Where is that Singe?
hmm, average is less than 3 combats per Long rest here.

so much for 6-8 combats per day idea...
Well, it goes back to the problem with your OP... what did you expect???

As many people stilpulated (including myself) the average is skewed artificially low because the idea is 6-8 encounters per "adventuring day". Not traveling day, not days talking to NPCs in a town or village, etc., but actual adventure days. Since a long rest (more or less) happens every day (or in a 24-hour period), you are counting many days which are not "adventuring days".

For example, I might have combats according to the following day-to-day:
1726440150048.png


On days the PCs are "In town", combats are few.
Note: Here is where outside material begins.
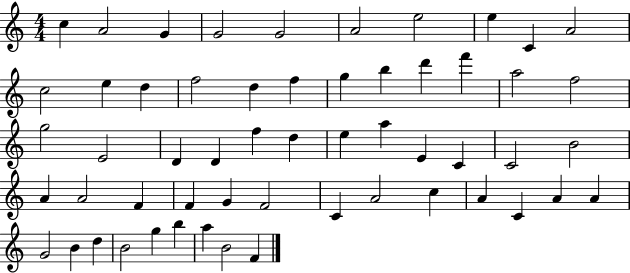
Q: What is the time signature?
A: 4/4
While traveling, random encounters are a bit more common, but neither of these are the "adventuring days" discussed in the DMG. In the above example I only have two "adventuring days", with an average of 10.5 combats per adventuring day... much higher than the overall "combats per long rest" that you asked for.

Do you honestly expect the average for ALL types of days (when a long rest is taken) to include the guidelines of 6-8 encounters suggested for actual adventuring days??
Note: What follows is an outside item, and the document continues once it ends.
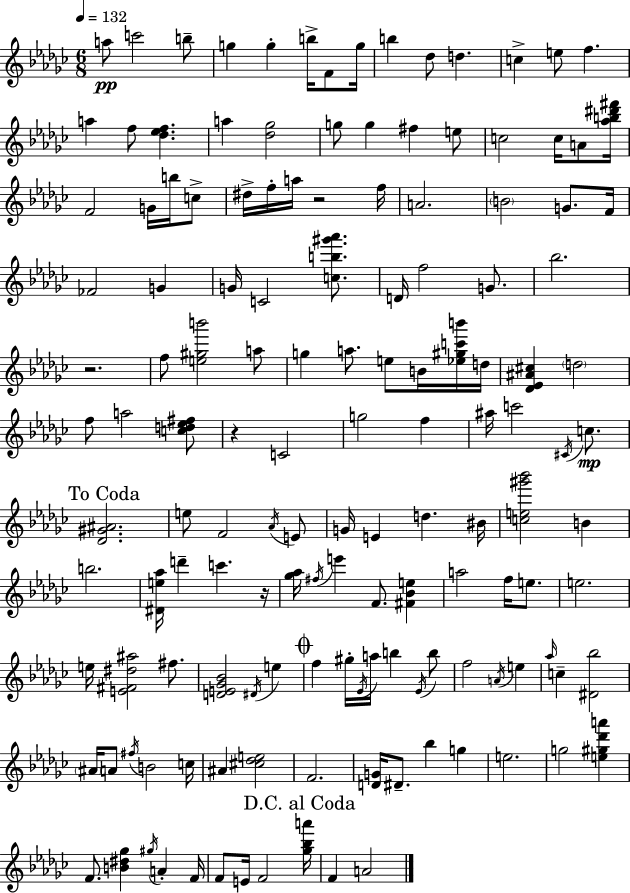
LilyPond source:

It was also specifically talking about medium encounters, just using hard encounters can cut that in half.
Actually, it was medium or hard...
1726440419654.png
 

tetrasodium

Legend
Supporter
Epic
The 6-8 combats a day always sounded more like a warning than something to aspire to. From memory, the advice in the DMG stated that PCs could probably handle around 6-8 combats per long rest before running on empty and needing a long rest to recover.
There is also a quote from Mearls out there about that being what they assumed and mapped to
 

Xetheral

Three-Headed Sirrush
This... okay, let me restate this with cars.
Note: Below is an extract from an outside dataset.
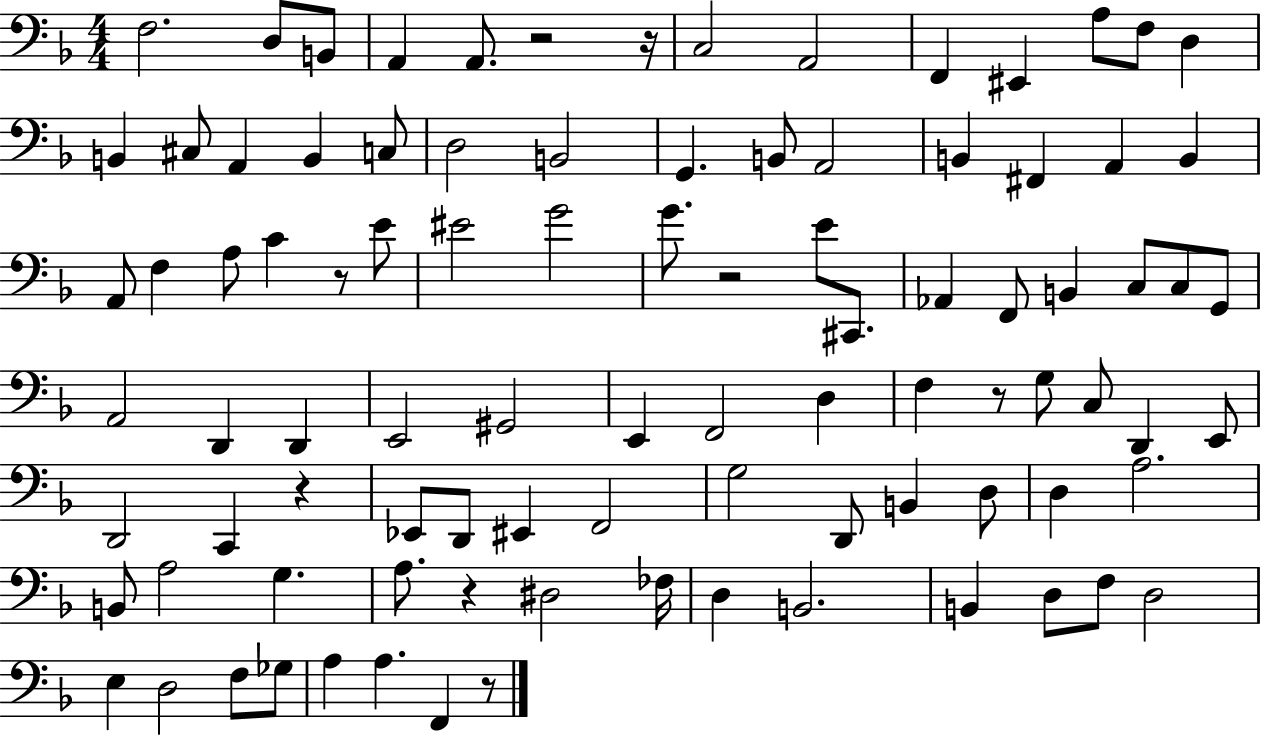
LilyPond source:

Me: "If you have a flat tire, it's a sign that your car isn't fit to drive."
You: "I don't think having a flat tire is the one and only barometer a car being fit to drive."

I trust you can see how those differ.

I'd be glad to discuss how wildly varying effectiveness per action is or is not a sign of in-combat imbalance. Basically, you will need to show that regardless of the number of encounters, both at-will and casters have around the same output over time - so no "this particular situation favors one or the other".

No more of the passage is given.